Una de las primeras privadas que recuerdo es una que se construyó por la calle de Juárez, entre Bravo y General Cepeda, acera sur. Fue toda una novedad; se le veía como algo muy elegante, evidencia de elevado estatus económico y social. Cuando la tía Adela, mujer de buen sentido, dijo hablando de esa privada: “Es una vecindad para ricos”, todos consideraron de mal gusto su opinión.

Pero estas digresiones de carácter arquitectónico-urbanístico no son el tema de mi columna de hoy. Lo que quiero narrar es algo que sucedió en esa privada. Un día los vecinos se alarmaron cuando escucharon voces destempladas que salían de una de las casas. Un señor que acababa de llegar a su domicilio empezó a gritar hecho una furia:

-¡Puta! ¡Grandísima puta! ¡Y en la casa! ¿Qué no te da vergüenza? ¡Y además con uno de la calle!

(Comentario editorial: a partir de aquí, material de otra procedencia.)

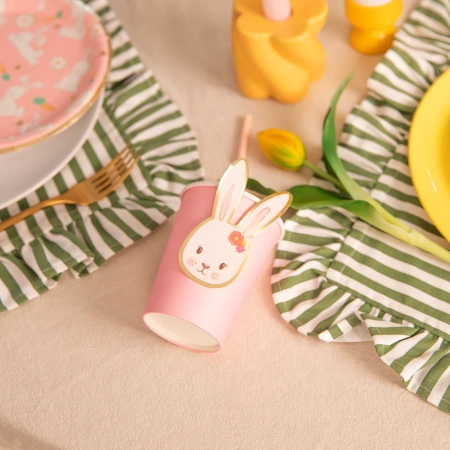 Kubeczki papierowe zajączki Wielkanoc 220 ml DIY mix 6 szt.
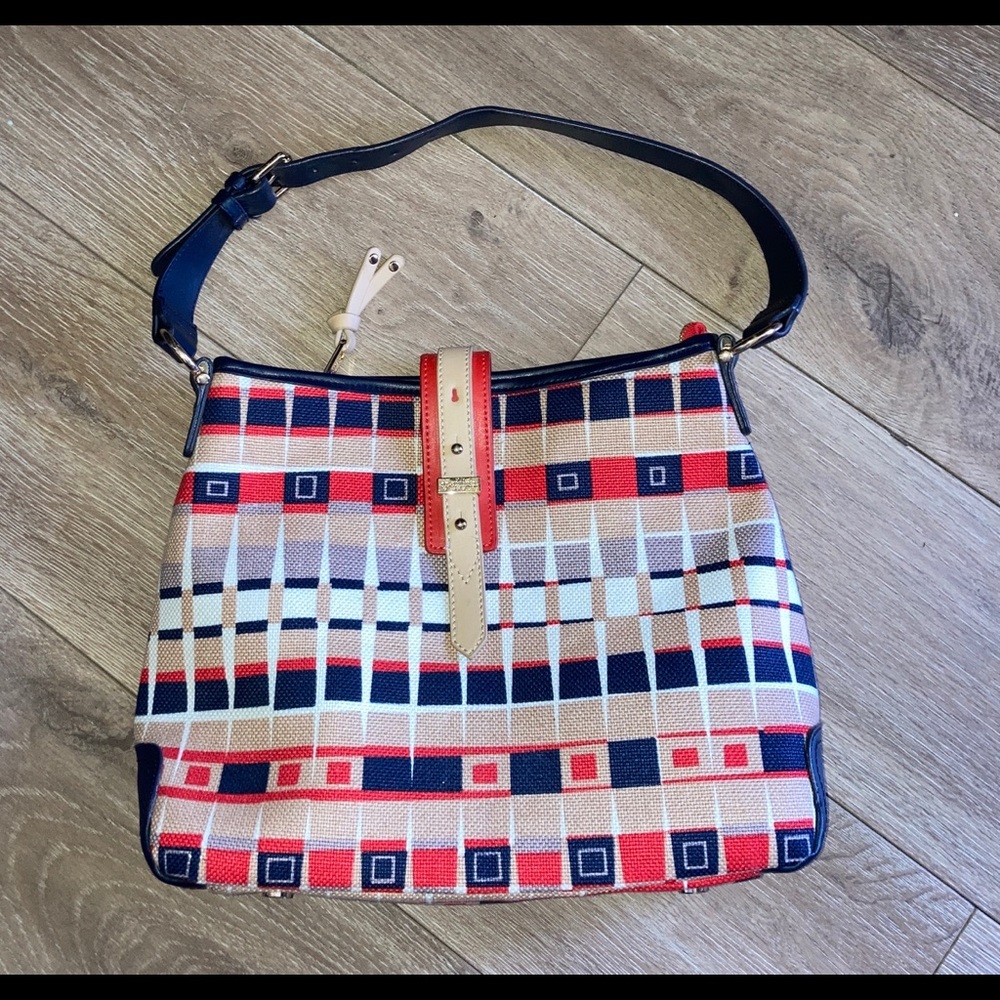 SPARTINA  449 Daufuskie Island QUARTERDECK Pattern Shoulder Bag Handbag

Los vecinos salieron de sus casas y formaron corro para comentar, unos con preocupación, los más con curiosidad morbosa, aquello que estaba sucediendo, las voces que escuchaban. ¿De modo que la vecina era una adúltera?, ¿quién sería ese hombre de la calle con el cual la mala pécora le ponía el cuerno a su marido? El señor de la casa seguía dando gritos indignados:

-¡Desgraciada! ¡Te me sales ahora mismo! ¡Ve a hacer tus cochinadas allá afuera!

Ante la mirada expectante de los vecinos se abrió la puerta y apareció el furioso señor. Iba arrastrando por el collar a una gemebunda perrilla pequinesa que llevaba pegado por la parte posterior a un can callejero que quién sabe cómo se las había arreglado para entrar en la casa y dar muy buena cuenta de la perrita.

Lo dicho: en las privadas no hay privacidad.